Reform Badly Needed, but Economy Could Cause Delays
The nation's current economic problems could delay the major healthcare reforms promised by President Barack Obama during his campaign. But some of the provisions are favored by Arkansas medical leaders who believe the reforms, if enacted, could result in better care delivered at a more economical cost.
There is no doubt that reform is needed, said Dennis Yelvington, MD, president, Arkansas Academy of Family Physicians.
"We have an upside down system in America right now," Yelvington said. "Specialists and subspecialists are providing more medical services than primary care physicians. That is more expensive than having care provided by family physicians. Studies show family physicians provide less expensive care that is just as good as a lot of specialty care."
One of the top Obama-Biden proposals is to invest $10 billion in a nationally standardized electronic health information technology system.
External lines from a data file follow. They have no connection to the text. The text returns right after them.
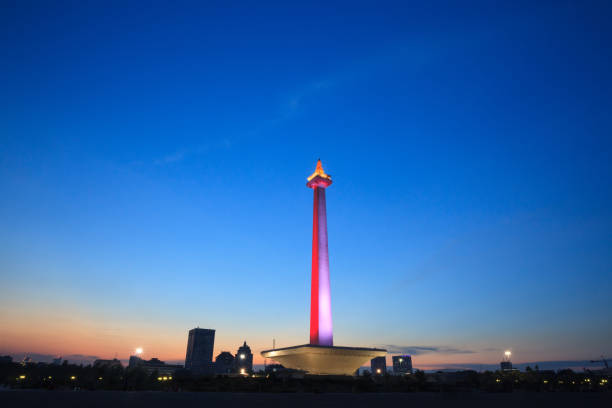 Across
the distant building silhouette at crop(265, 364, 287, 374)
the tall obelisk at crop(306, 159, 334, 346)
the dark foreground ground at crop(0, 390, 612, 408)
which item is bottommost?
the distant building silhouette at crop(265, 364, 287, 374)

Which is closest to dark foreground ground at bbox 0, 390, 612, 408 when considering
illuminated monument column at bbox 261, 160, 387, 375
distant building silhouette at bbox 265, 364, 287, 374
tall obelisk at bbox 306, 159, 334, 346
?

The intent is to coordinate care and reduce medical errors.
"A lot of care is disjoined and copied in certain incidences," Yelvington said. "There can be unnecessary tests that have already been done. Communication between doctors might be good in one system. But when you get out of that system, there can be poor communication."
Family physicians are supportive of a concept backed by Obama-Biden called the "patient-centered medical home." Patients are cared for by a physician who leads a medical team that coordinates all aspects of patient care using appropriate technology.
"The patient-centered medical home with good communication allowed by the standardization of national health records is what family physicians are pushing for," Yelvington said. "There is an emphasis on prevention in primary care. The fact is we need better immunizations, and better care of chronic diseases. That is a big benefit of the medical home, caring for patients with diseases like diabetes and hypertension to provide early treatment or prevention to prevent expensive complications. Other countries emphasizing family medicine have had good results in improving health outcomes while minimizing costs."
Yelvington expects delay in the healthcare reforms because of the economy. The economy, not healthcare, is likely to be the number one issue in the next year. But he still expects progress on the medical home concept, at least getting started on it with pilot projects across the nation.
"Blue Cross and Blue Shield are looking at doing some of that with their covered lives," said Yelvington, who practices at the Stuttgart Medical Clinic. "A lot of other insurance companies and HMOs have been trying to do that, also."
The Obama-Biden plan also promised to tackle the problems with the increasingly large number of people in the U.S. without health insurance. There is also concern about people who are underinsured. Many people have health insurance with high deductibles. Insurance premiums, deductibles, and co-pays for doctor visits and prescriptions are all increasing, often resulting in failure to continue treatment for chronic conditions like hypertension or diabetes.
"Hospitals are also struggling with the number of uninsured," Yelvington said.
Paul Cunningham, senior vice president, Arkansas Hospital Association, said it is costly when people who don't have insurance put off healthcare until it becomes an emergency situation.
"The emergency room may be the only place people know to get care if they don't have a primary care physician," Cunningham said. "If you or your child gets sick, and you have nowhere else to get it, you are likely to go to the emergency room. This is why hospitals are safety net providers."
Hospitals are seeing more patients come in with no health plan or high deductible plans.
"What we are seeing in the past several months with the economy having its problems is that bad debts and charity care write offs are increasing for hospitals in Arkansas, as well as everywhere else," Cunningham said.
It is possible the new Congress will take up legislation early this year similar to the "Healthy Americans Act" introduced in the 2008 session by Sen. Ron Wyden. The plan called for guaranteeing private healthcare coverage for all Americans, providing incentives to focus wellness and disease management and establishing tough cost containment measures.
Recently, Sen. Max Baucus released a white paper on healthcare reform. His proposals would guarantee health insurance for all Americans by facilitating sales of private insurance, expanding Medicaid and Medicare and requiring most employers to provide health benefits.
"It covers numerous fronts," Cunningham said. "Certainly there are many things in there that will get a lot of debate in the coming months. It is too early to say what looks good and what doesn't…Some of those are pretty drastic."
One proposal would create a value-based purchasing system for hospitals that would be a "pay for performance program" where hospitals that meet certain quality standards would get higher Medicare payments. Hospitals that don't meet those standards would get less.
"Nationally hospitals expect some movement on a value-based purchasing system," he said. "This has been in discussion a couple of years."
In addition, Sen. Ted Kennedy and Rep. Pete Stark are expected to propose legislation for healthcare reforms of their own. Those proposals might be even more extreme.
The Arkansas Hospital Association and its counterparts across the country have been working closely with the American Hospital Association for development of a framework called "Health for Life" for what should be included in healthcare reform. Much of that involves getting people insured.
"I think everyone agrees there will be some kind of healthcare reform," Cunningham said. "Whether that happens in 2009 or 2010 remains to be seen. I think something is going to happen. We just don't know yet what shape it is going to take."